NEW YORK ( TheStreet) -- As part of the aggressive rollout of its blazingly fast 4G LTE network, Verizon (VZ - Get Report) has quietly remade the software consumers must use to access this network. Called VZAccess Manager, the application, which is similar to what AT&T (T - Get Report), Sprint (S) and T-Mobile offer, brokers the connection between a Web modem plugged into a laptop and the cell networks providing that modem entry to the Internet.But unlike most competitors, this most recent riff on VZAccess Manager offers remarkably accurate real-time upload and download speeds of actual network performance. In other words, you can really see -- minute by minute, bit by bit -- what kind of data service Verizon provides.

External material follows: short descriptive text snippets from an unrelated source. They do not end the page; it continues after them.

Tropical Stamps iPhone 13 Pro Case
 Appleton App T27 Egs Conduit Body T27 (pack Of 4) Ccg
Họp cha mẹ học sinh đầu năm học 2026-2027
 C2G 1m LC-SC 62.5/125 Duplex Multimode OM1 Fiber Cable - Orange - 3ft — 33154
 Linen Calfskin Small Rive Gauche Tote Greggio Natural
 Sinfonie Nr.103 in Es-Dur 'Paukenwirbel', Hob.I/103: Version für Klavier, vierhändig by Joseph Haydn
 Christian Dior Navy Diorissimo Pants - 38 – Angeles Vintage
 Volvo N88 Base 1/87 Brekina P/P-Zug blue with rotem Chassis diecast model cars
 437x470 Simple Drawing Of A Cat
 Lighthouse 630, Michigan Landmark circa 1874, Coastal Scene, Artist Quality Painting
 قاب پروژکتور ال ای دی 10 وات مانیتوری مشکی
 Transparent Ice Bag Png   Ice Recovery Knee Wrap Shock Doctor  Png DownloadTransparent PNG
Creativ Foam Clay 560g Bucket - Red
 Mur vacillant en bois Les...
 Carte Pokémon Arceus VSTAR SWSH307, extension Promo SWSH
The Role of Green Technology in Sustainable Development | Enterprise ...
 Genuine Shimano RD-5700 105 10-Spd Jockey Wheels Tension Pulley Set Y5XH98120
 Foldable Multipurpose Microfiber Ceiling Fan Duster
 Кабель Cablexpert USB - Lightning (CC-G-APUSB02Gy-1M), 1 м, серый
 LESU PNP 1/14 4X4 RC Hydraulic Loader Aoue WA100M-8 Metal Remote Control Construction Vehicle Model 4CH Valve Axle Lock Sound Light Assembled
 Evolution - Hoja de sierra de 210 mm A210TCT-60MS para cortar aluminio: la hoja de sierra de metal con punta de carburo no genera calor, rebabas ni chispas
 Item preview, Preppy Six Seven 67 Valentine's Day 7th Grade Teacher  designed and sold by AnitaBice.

|Verizon's rollout of the blazingly fast 4G LTE network through 2013 threatens to surpass its Apple iPhone launch in hype, but the promise of the network wasn't evident in a recent 750-plus mile test around the Northeast.|
For sure, one trip does not national coverage make. My colleagues and I will continue to test these tools across the country in the coming months to get a clearer networking picture. But my cellular test route from suburban Westchester County in New York up to Hartford, Conn., Boston and New Hampshire and then into Maine has been a reliable predictor of cellular performance for about 15 years. And I can't see how that would change merely because carriers are rolling out a faster service. My initial takeaway? Sure, when there was 4G LTE access, it was impressive. In the few spots in and around New York and outside Boston -- remember full national rollout will not happen until 2013 -- LTE remains the benchmark for network speed and power. But beyond that, I was stunned -- I mean stunned -- to see how feeble overall data rates were, even when there was nominally good so-called 3G digital coverage. Now forget speeds that I might see from the Web connection in my office. I regularly saw 70 kilobits per second, or not much faster than the data rates provided by 56-baud modems from decades past. And often -- I mean like every 30 seconds in spots -- data rates would cycle down to nothing. Like Nada. Zero. Zip. There often was no connectivity at all.